Before Jesus Ascended, He Prayed

By the Rev. Darren Miner

Gospel Reading

Last Thursday was Ascension Day. Next Sunday is the Feast of Pentecost. And you might very well expect today’s Gospel reading to take place during the ten-day period between the Ascension and Pentecost. But surprisingly it doesn’t. Instead, we go back in time, and we get a snippet of prayer that Jesus offers up at the Last Supper. I say “snippet,” because today we hear only the second of three sections of Jesus’ so-called “high-priestly prayer,” which he prays at the conclusion of two lengthy farewell speeches extending over three whole chapters of John’ Gospel. The first section of the prayer is for Jesus himself. The third section is for the future Church. And the second section, which we heard read today, is for the disciples reclining around the table at the Last Supper.

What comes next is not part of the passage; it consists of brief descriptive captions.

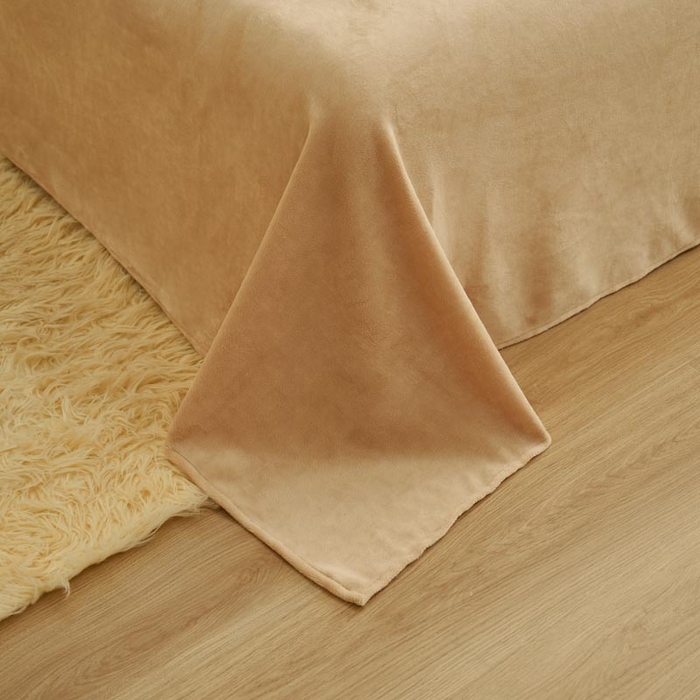 91家纺网 家纺一手货源 找家纺 鑫琪莱家纺 2024新款卡通毛巾绣牛奶绒四件套 幸福狗-米黄香槟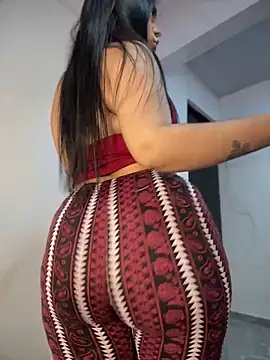 Sarahballiston  online show from 06-06-26, 01:11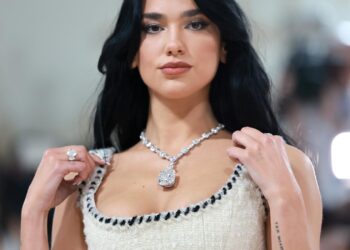 Historia që fshihet pas varëses me diamant të Dua Lipës
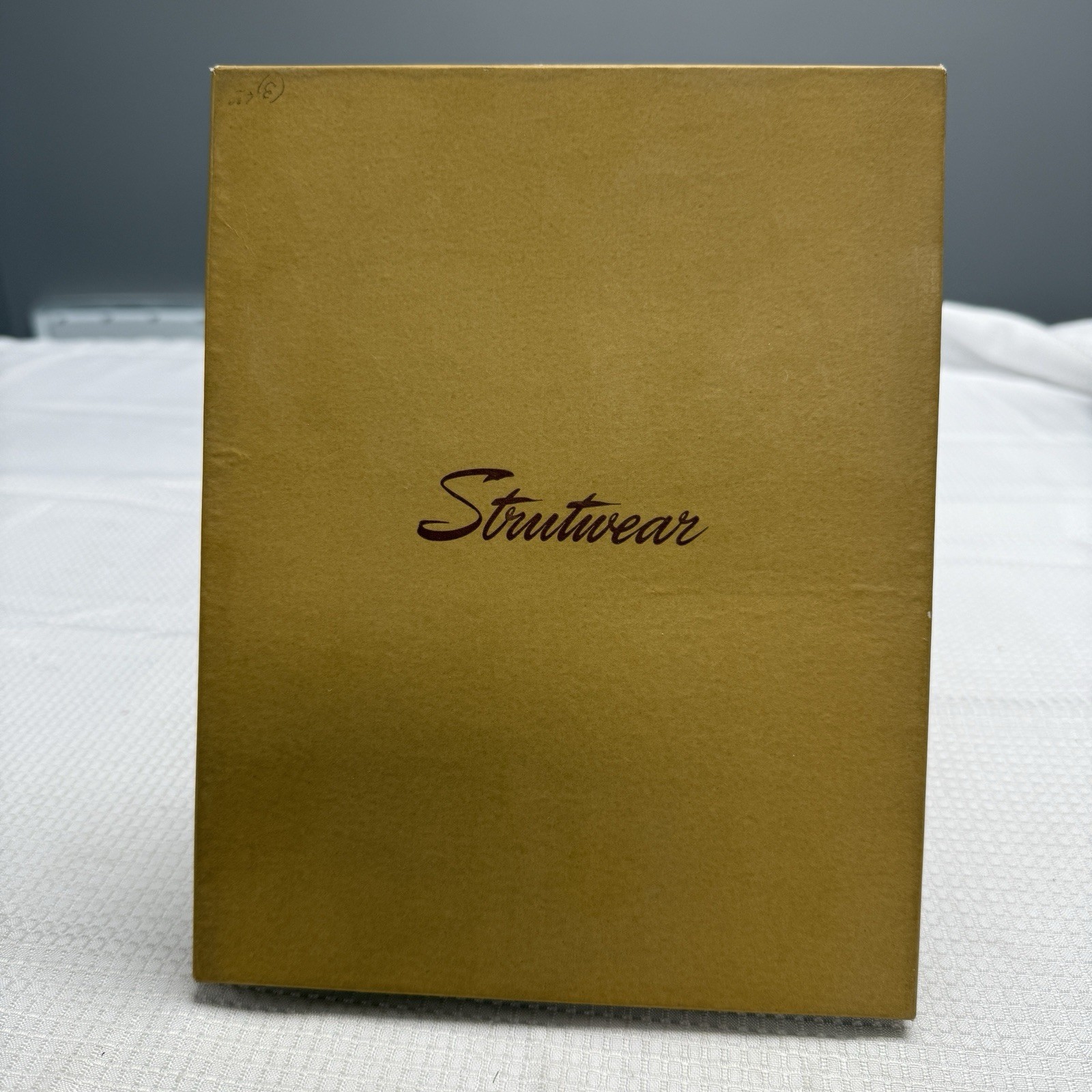 3 Pairs Vtg 50s Strutwear +217 Medium Taupe 8.5 Nylon Stockings Seams New 1 Box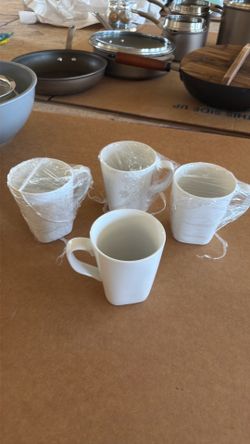 4 White Coffee Mugs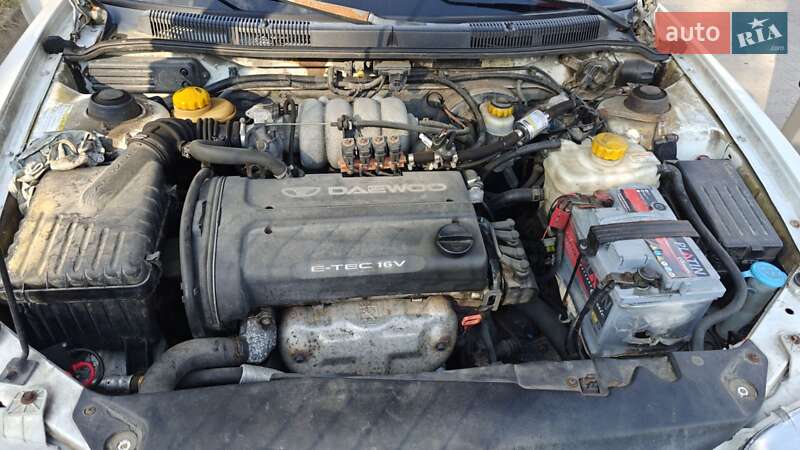 Универсал Daewoo Nubira 1998 в Кременчуге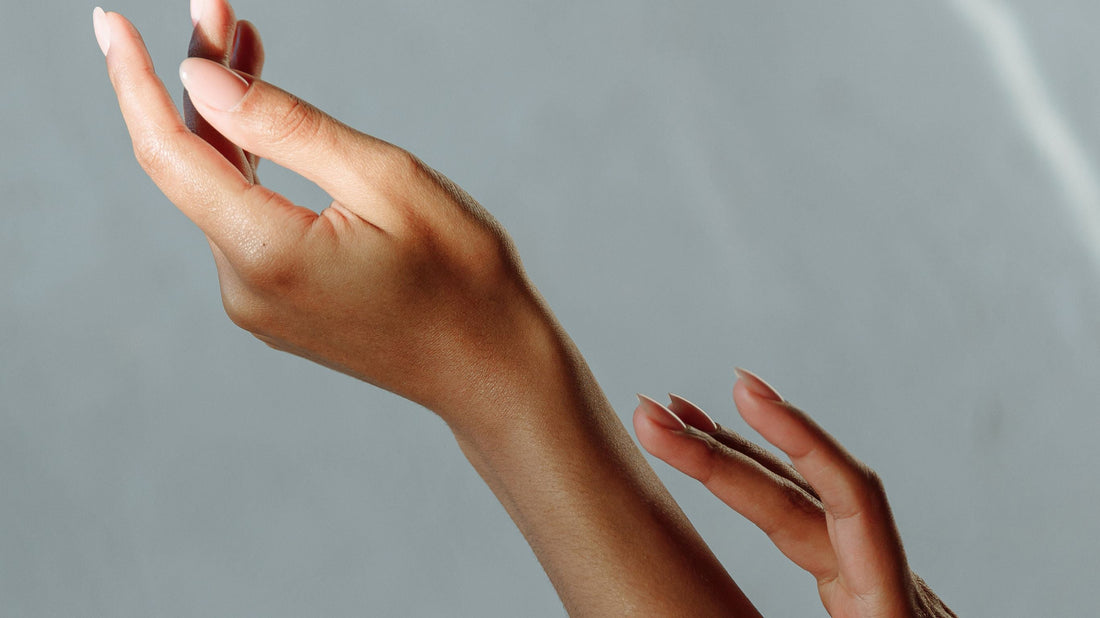 How Monoi Oil Helps Combat Dry Skin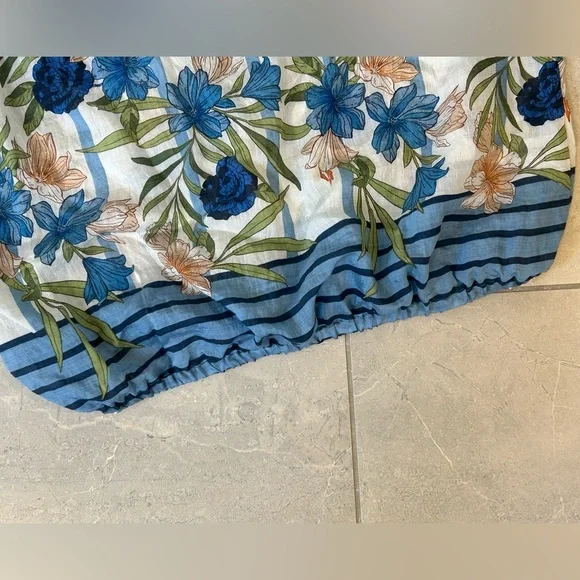 NWOT CeCe Women’s Floral Blouse - Picture 8 of 8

In a sense, we are eavesdroppers. This section of Jesus’ high-priestly prayer is addressed to God—not us—and it is offered on behalf of the original disciples—not us. So why does the lectionary have us listen in? I think there are two reasons. The first is that, as baptized Christians, we are meant to continue the ministry of the original disciples, and we can expect to encounter some of the same struggles that they did. The second reason has to do with a tradition of the Early Church to expound on the sacraments at every sermon during the 50 days of Eastertide. (The technical term for this practice is mystagogy.) And believe it or not, today’s Gospel has some profound implications concerning both baptism and Eucharist, despite the fact that neither sacrament is explicitly mentioned in the prayer.

But there is a problem! As we eavesdrop on Jesus’ prayer, we find that he is speaking in code. One of those code words is the word world. We get a sense that something cryptic is intended when we hear Jesus say, “I am not asking on behalf of the world.” Why would Jesus refuse to pray for the world? The answer is that, in John’s Gospel, the word world almost always refers to humanity in its fallen state. More specifically, it refers to those who willfully defy God’s will for them and who actively oppose the message proclaimed by God’s Son. Given this understanding of the world, it is not such a surprise that Jesus does not pray on behalf of the world. For the only prayer he could make is that the world cease to be the world, that sinful humanity cease to be sinful humanity.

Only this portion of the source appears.